Kathryn Darcus, Euprio Conference Poznan 2019 speaker

Kathryn Darcus - United Kingdom

Kathryn Darcus is an award-winning PR and Media Manager at the University of Edinburgh. She joined in 2012 to manage the PR for one of the University’s three Colleges – the College of Arts Humanities and Social Sciences. Part of the central Communications and Marketing team, her role includes working with students and staff to promote key research and community engagement activity, as well as leading longer-term strategic communications campaigns

Summary
The University of Edinburgh has a strong reputation as an elite institution, regularly voted as one of the world’s top 30 universities. Consequently, it has struggled with misconceptions in some quarters that “elite” means “elitist”.

This workshop will examine how a collaborative communications project to launch a new strategy provided a springboard to alter those perceptions, particularly with important stakeholders such as the Scottish Government.

Full description
The University of Edinburgh is one of the four ancient universities of Scotland, dating back to 1583. It is regularly ranked as one of the top 30 universities in the world and has a strong reputation as an elite university. Consequently it has struggled with misconceptions in some quarters that “elite” means “elitist”.

This session will identify and examine a project aimed at altering those perceptions, particularly with important stakeholders such as the Scottish Government, for which widening access to a university education for people from all backgrounds is a major priority. Widening access is also a key strategic objective of the University of Edinburgh, tying it with its vision statement of making a “socially responsible contribution to the world”.

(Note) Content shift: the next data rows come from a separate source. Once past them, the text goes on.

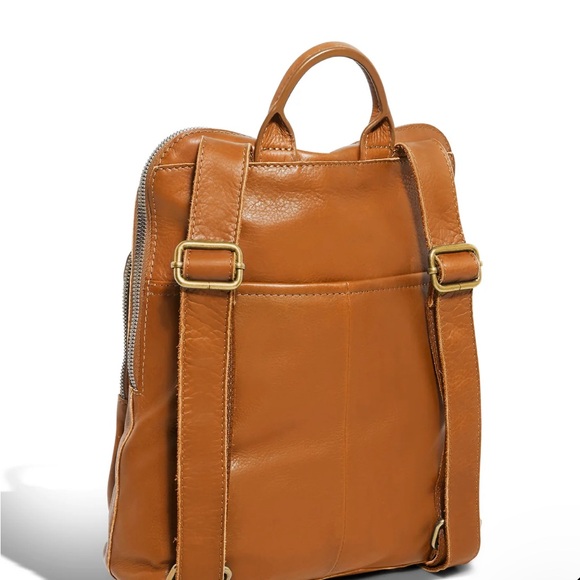 NWT American Leather Cleveland Backpack - Picture 4 of 7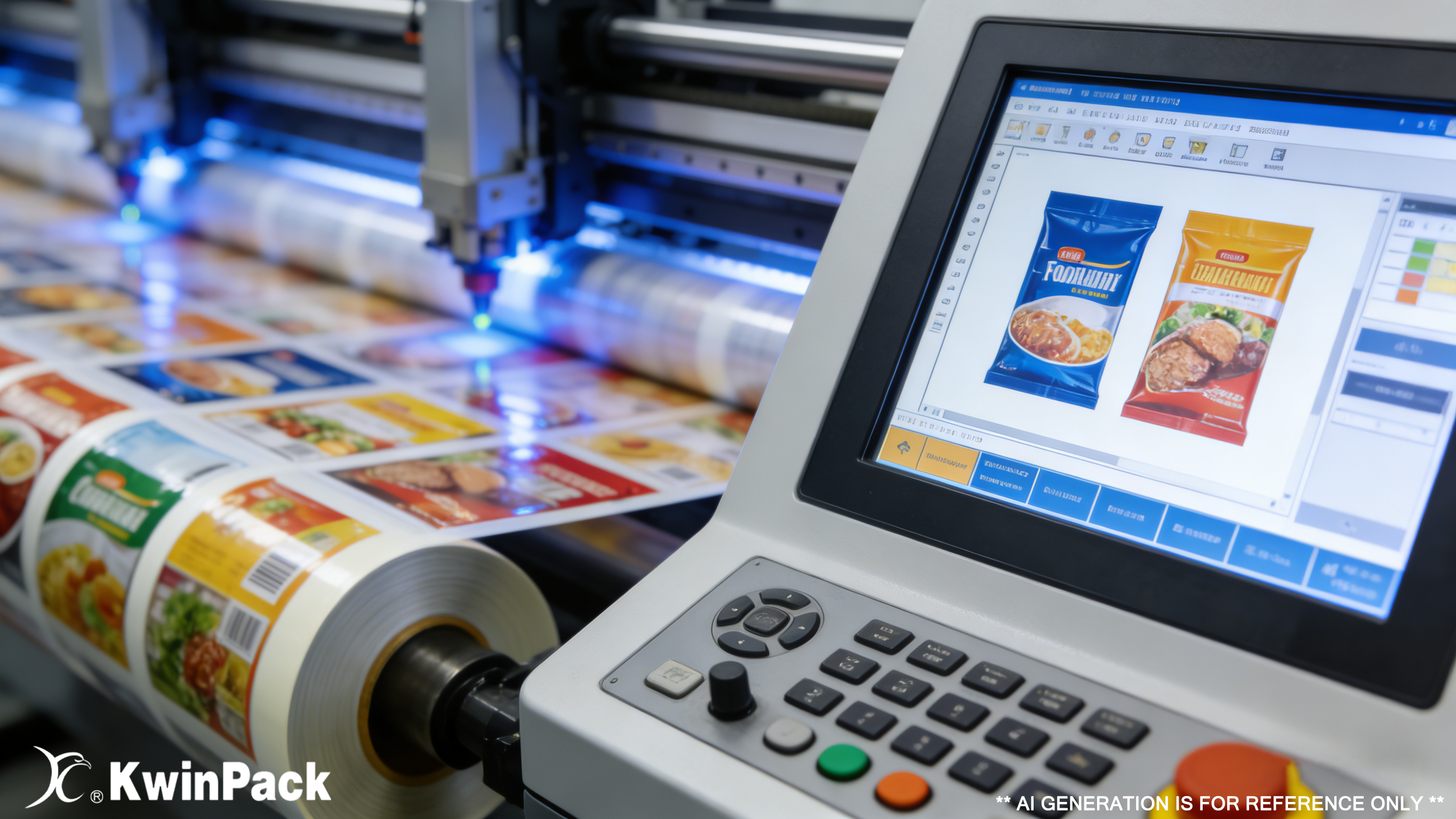 The Advantages of High-Quality Digital Printing for Custom Food Packaging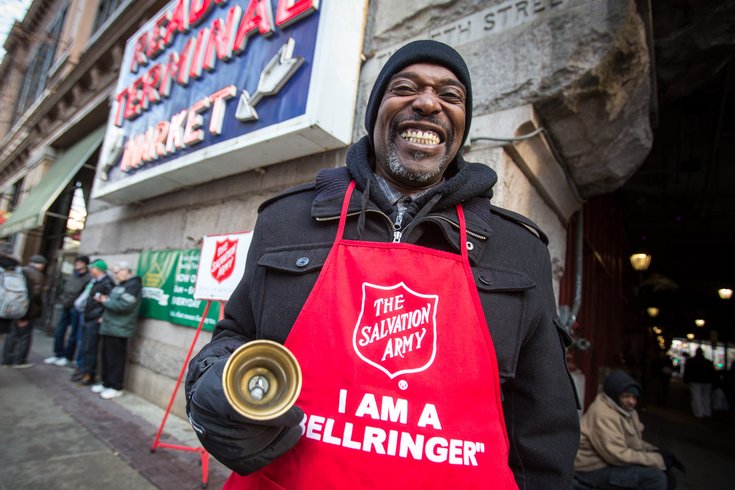 Carroll - Salvation Army Donation Collectors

The Communications & Marketing department launched the institution’s new Widening Participation Strategy in October 2018. The plan took a holistic, cross-disciplinary approach, involving media, Parliamentary engagement, marketing and internal communications, as well as close liaison with other teams from across the University. It was the first time that a campaign had been structured in this way, corralling expertise to deliver a coherent and significant message to a variety of audiences.

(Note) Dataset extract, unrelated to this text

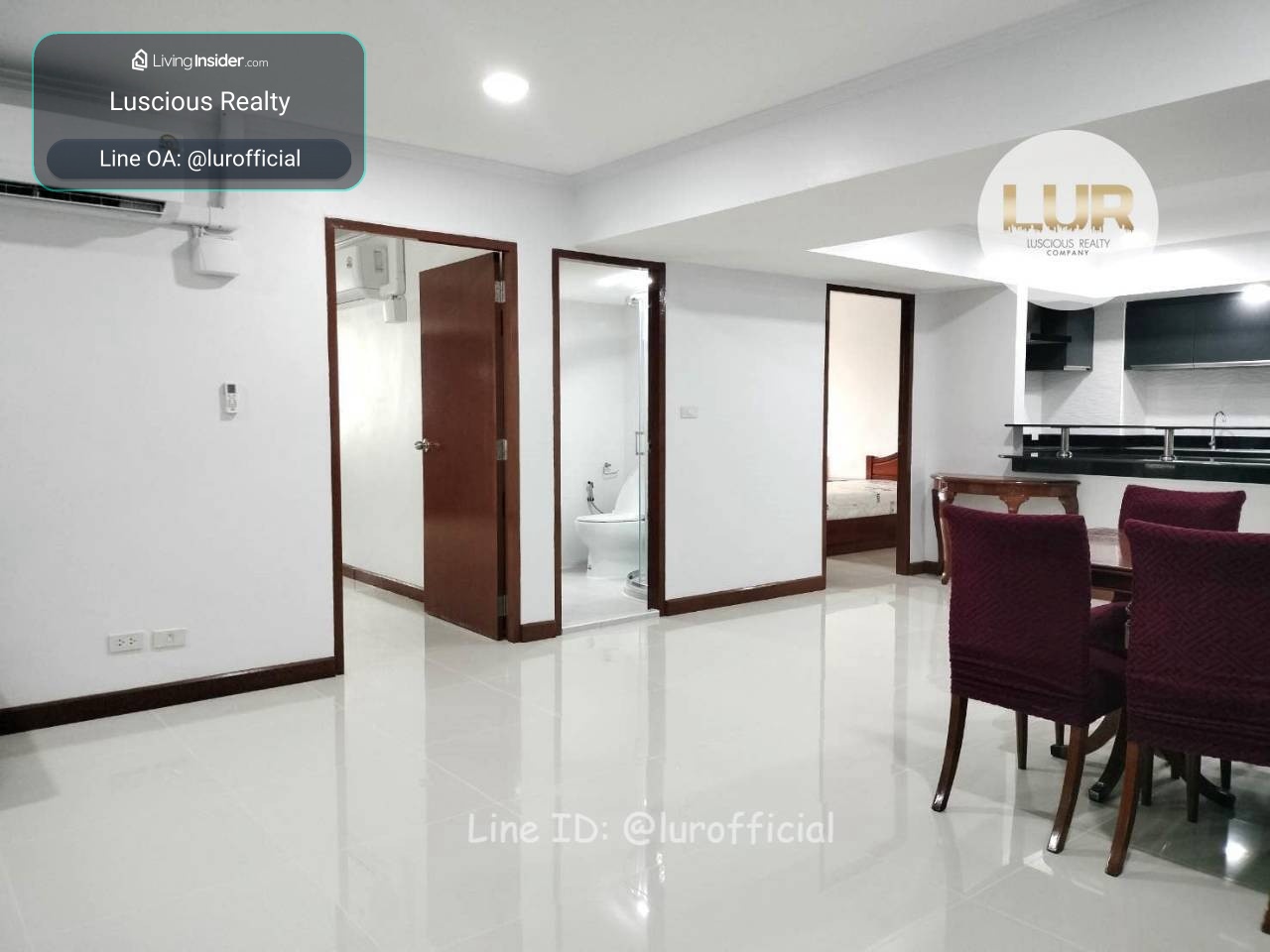 คอนโดให้เช่า ใกล้ BTS นานา ห้องปรับปรุงพร้อมอยู่ ทำเลดี | Omni Tower – รูปที่ 3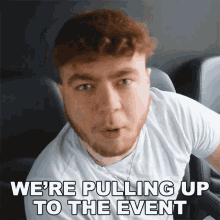 Were Pulling Up To The Event Superevan GIF - Were Pulling Up To The Event Superevan Were On The Way To The Event GIFs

This workshop will provide a case study exploring how deeply entrenched misconceptions can be shifted through collaborative and strategic communications. It will also highlight how the University’s communications team measured this shift in perceptions before, during and after the launch.

During the talk, a number of key learning points will be highlighted, which would be applicable to any institution. These will provide discussion points, and participants will be asked to share examples of successes or challenges from their own institution.